Systemic pro-inflammatory response identifies patients with cancer with adverse outcomes from SARS-CoV-2 infection: The OnCovid Inflammatory Score

Dettorre, G. M.; Dolly, S.; Loizidou, A.; Chester, J.; Jackson, A.; Mukherjee, U.; Zambelli, A.; Aguilar-Company, J.; Bower, M.; Sng, C. C. T.; Salazar, R.; Bertuzzi, A.; Brunet, J.; Mesia, R.; Sita-Lumsden, A.; Segui, E.; Biello, F.; Generali, D.; Grisanti, S.; Seeva, P.; Rizzo, G.; Libertini, M.; Maconi, A.; Moss, C.; Russell, B.; Harbeck, N.; Vincenzi, B.; Bertulli, R.; Ottaviani, D.; Linan, R.; Marrari, A.; Carmen Carmona-Garcia, M.; Chopra, N.; Tondini, C. A.; Mirallas, O.; Tovazzi, V.; Fotia, V.; Cruz, C. A.; Saoudi-Gonzalez, N.; Felip, E.; Roque, A.; Lee, A. J. X.; Newsom-Davis, T.; Garcia-Illescas, D.; Reyes, R.; Wong, Y. N. S.; Ferrante, D.; Scotti, L.; Marco-Hernandez, J.; Ruiz-Camps, I.; Patriarca, A.; Rimassa, L.; Chiudinelli, L.; Franchi, M.; Santoro, A.; Prat, A.; Gennari, A.; Van Hemelrijck, M.; Tabernero, J.; Diamantis, N.; Pinato, D. J.

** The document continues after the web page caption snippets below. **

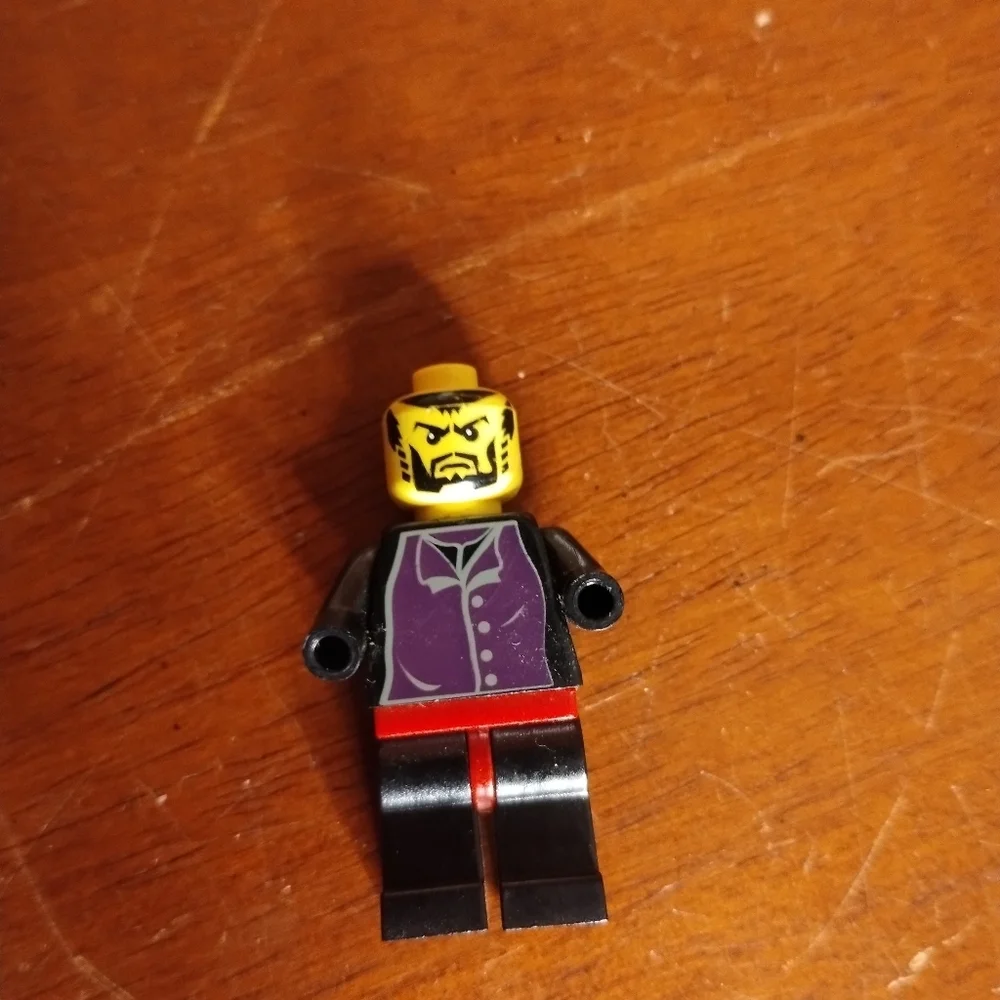 5 PC Lot Lego Building Block Mini Figures
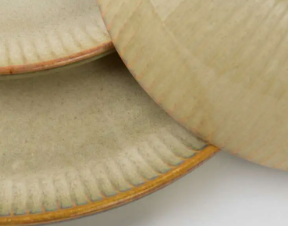 Tanjur Beige Craft 26 cm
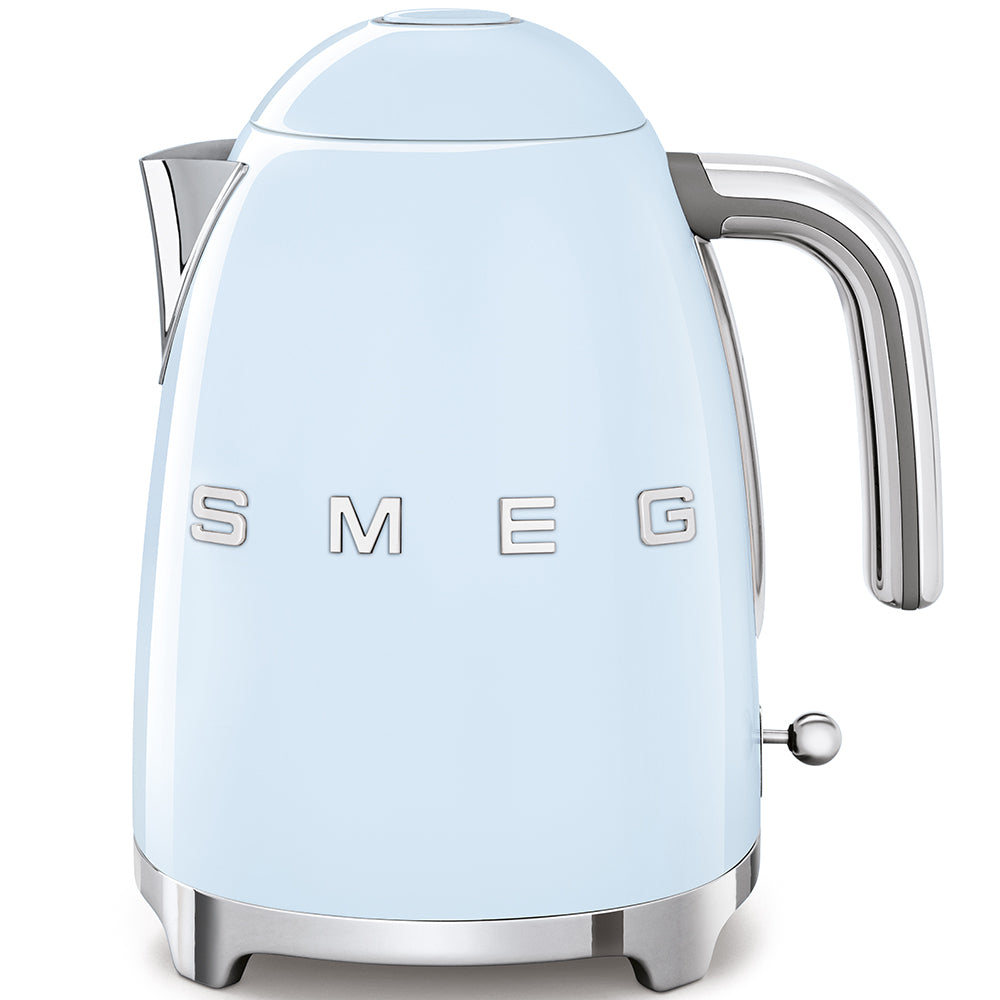 SMEG KETTLE 50�STYLE LIGHT BLUE KLF03PBEU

doi:10.1136/jitc-2020-002277

Background Patients with cancer are particularly susceptible to SARS-CoV-2 infection. The systemic inflammatory response is a pathogenic mechanism shared by cancer progression and COVID-19. We investigated systemic inflammation as a driver of severity and mortality from COVID-19, evaluating the prognostic role of commonly used inflammatory indices in SARS-CoV-2-infected patients with cancer accrued to the OnCovid study. Methods In a multicenter cohort of SARS-CoV-2-infected patients with cancer in Europe, we evaluated dynamic changes in neutrophil:lymphocyte ratio (NLR); platelet:lymphocyte ratio (PLR); Prognostic Nutritional Index (PNI), renamed the OnCovid Inflammatory Score (OIS); modified Glasgow Prognostic Score (mGPS); and Prognostic Index (PI) in relation to oncological and COVID-19 infection features, testing their prognostic potential in independent training (n=529) and validation (n=542) sets. Results We evaluated 1071 eligible patients, of which 625 (58.3%) were men, and 420 were patients with malignancy in advanced stage (39.2%), most commonly genitourinary (n=216, 20.2%). 844 (78.8%) had ≥1 comorbidity and 754 (70.4%) had ≥1 COVID-19 complication. NLR, OIS, and mGPS worsened at COVID-19 diagnosis compared with pre-COVID-19 measurement (p<0.01), recovering in survivors to pre-COVID-19 levels. Patients in poorer risk categories for each index except the PLR exhibited higher mortality rates (p<0.001) and shorter median overall survival in the training and validation sets (p<0.01). Multivariable analyses revealed the OIS to be most independently predictive of survival (validation set HR 2.48, 95% CI 1.47 to 4.20, p=0.001; adjusted concordance index score 0.611). Conclusions Systemic inflammation is a validated prognostic domain in SARS-CoV-2-infected patients with cancer and can be used as a bedside predictor of adverse outcome. Lymphocytopenia and hypoalbuminemia as computed by the OIS are independently predictive of severe COVID-19, supporting their use for risk stratification. Reversal of the COVID-19-induced proinflammatory state is a putative therapeutic strategy in patients with cancer.